Épuration à Trappes : Omar Sy chasse Jean Renoir

L’édile de Trappes, dans les Yvelines, une des capitales du djihad, vient de débaptiser pompeusement le cinéma municipal Jean Renoir : ce sera désormais celui d’Omar Sy. Michel Marmin ne pouvait laisser passer cette épuration toponymique.

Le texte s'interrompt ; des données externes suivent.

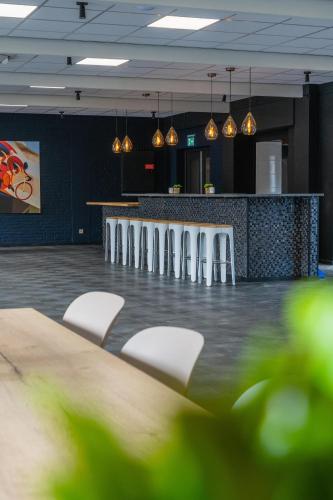 Restaurant, SEPHS Hotel Sittard in Sittard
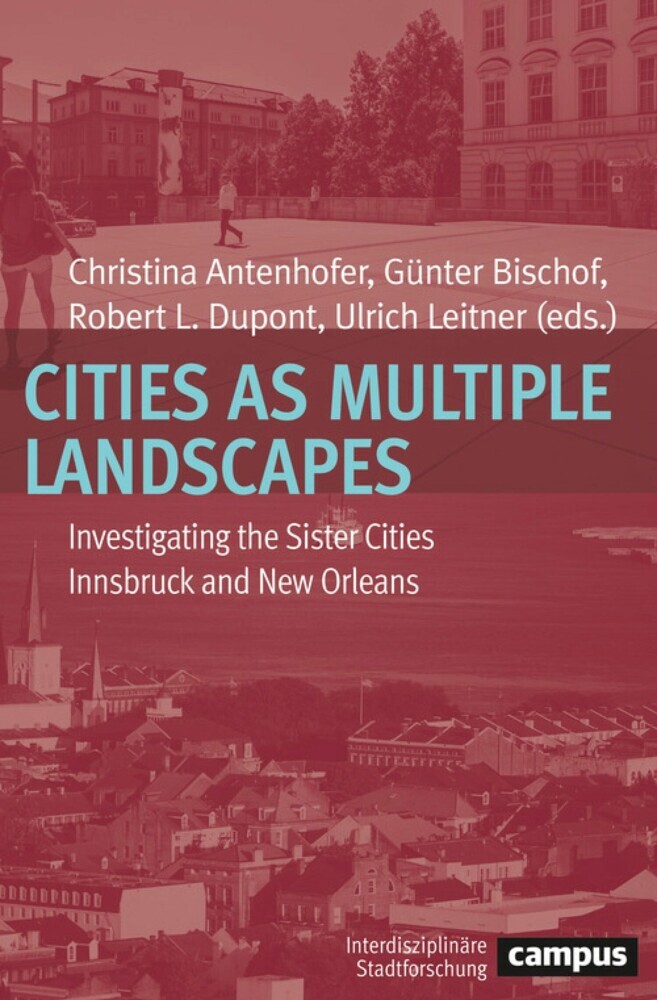 Cities as Multiple Landscapes main product photo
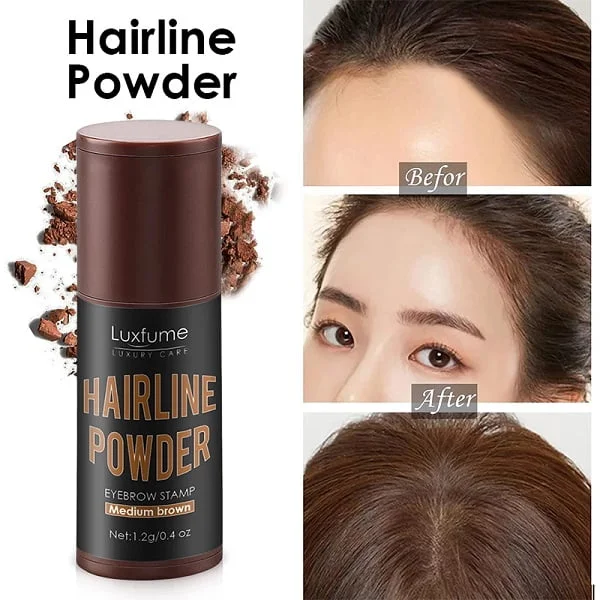 Hairline Powder Stick Shading Powder Filling Hairline - Image 2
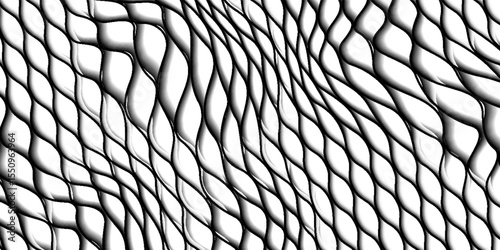 Metal grid pattern. Black metal mesh seamless pattern vector illustration.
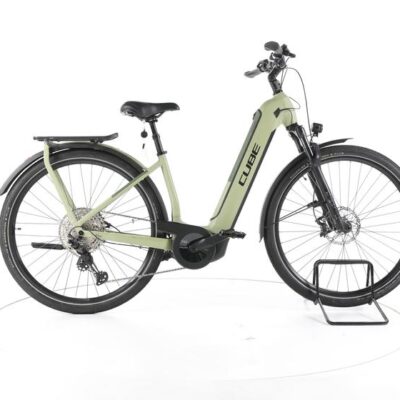 Cube Kathmandu Hybrid SLX Trekking E-Bike Tiefeinsteiger 2023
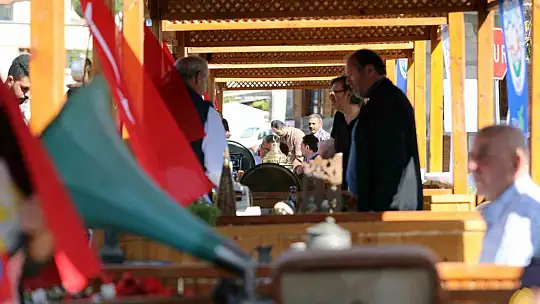 Talas'ta antika meraklılarının uğrak yeri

Que le maire franco-marocain de Trappes, M. Ali Rabeh, ait débaptisé le cinéma municipal Jean Renoir pour l’appeler Omar Sy, c’est au fond dans l’ordre des choses. Trappes est une commune très islamisée, tendance Frères musulmans, et entre l’islam et le cinéma panthéiste d’un réalisateur amoureux de la beauté des femmes et apologiste du plaisir, il y avait une incompatibilité qu’il fallait résoudre. Omar Sy, qui fut incontestablement drôle en ses débuts à la télévision avant d’être promu au rang de conscience nationale, était l’homme de la situation. Natif de Trappes d’abord, il avait surtout le mérite d’avoir donné des gages de correction politique et de pureté morale en faisant barrage de sa vaste poitrine à la déferlante lepéniste puis, surtout, en quittant courageusement cette France qui lui répugnait et qui lui faisait peur pour s’installer, avec armes et bagages, aux États-Unis où, chacun le sait, le sort des Noirs est infiniment plus enviable que chez nous… Il est vrai qu’Omar Sy, pas con, n’a pas choisi le South Bronx pour y installer ses pénates, mais la Californie. Peut-être y caresse-t-il le rêve d’un destin à la Obama ? En cas d’échec, il pourra toujours briguer la mairie de Trappes et tenir la caisse de son cinéma !

C’est qui, ce céfran ?

Mais revenons à Jean Renoir. L’éradication de son nom pourrait être mise sur le compte de l’inculture d’un édile : « Renoir, c’est qui ce bouffon ? » Mais, nous l’avons dit, il y avait surtout incompatibilité entre ce nom et l’écrasante majorité musulmane de la population (70 %). Parmi les natifs de Trappes personnifiant une idée plus reluisante de la culture française, un autre aurait-il pu être choisi ? Un administré un peu cultivé aurait pu suggérer à M. Ali Rabeh le nom de Jacques Perret, mais les fidélités royalistes, religieuses et coloniales de l’auteur génial du Caporal épinglé lui auraient interdit tout espoir d’être retenu pour cet honneur. Honneur que Perret lui-même aurait de toute évidence hautement refusé s’il avait encore été de ce très bas monde, car c’eût été en réalité un déshonneur, comme se sont déshonorés les écrivains qui, à la Libération, ont pris la place de leurs confrères exclus de l’Académie française… Et puis, circonstance aggravante, Le Caporal épinglé avait été porté à l’écran en 1961 par Jean Renoir lui-même, soit à une époque de sa vie et de sa carrière où certains critiques croyaient (ou voulaient) voir dans ses derniers films la marque d’un affaiblissement radical de son art, ainsi qu’un ralliement à des idéaux réactionnaires !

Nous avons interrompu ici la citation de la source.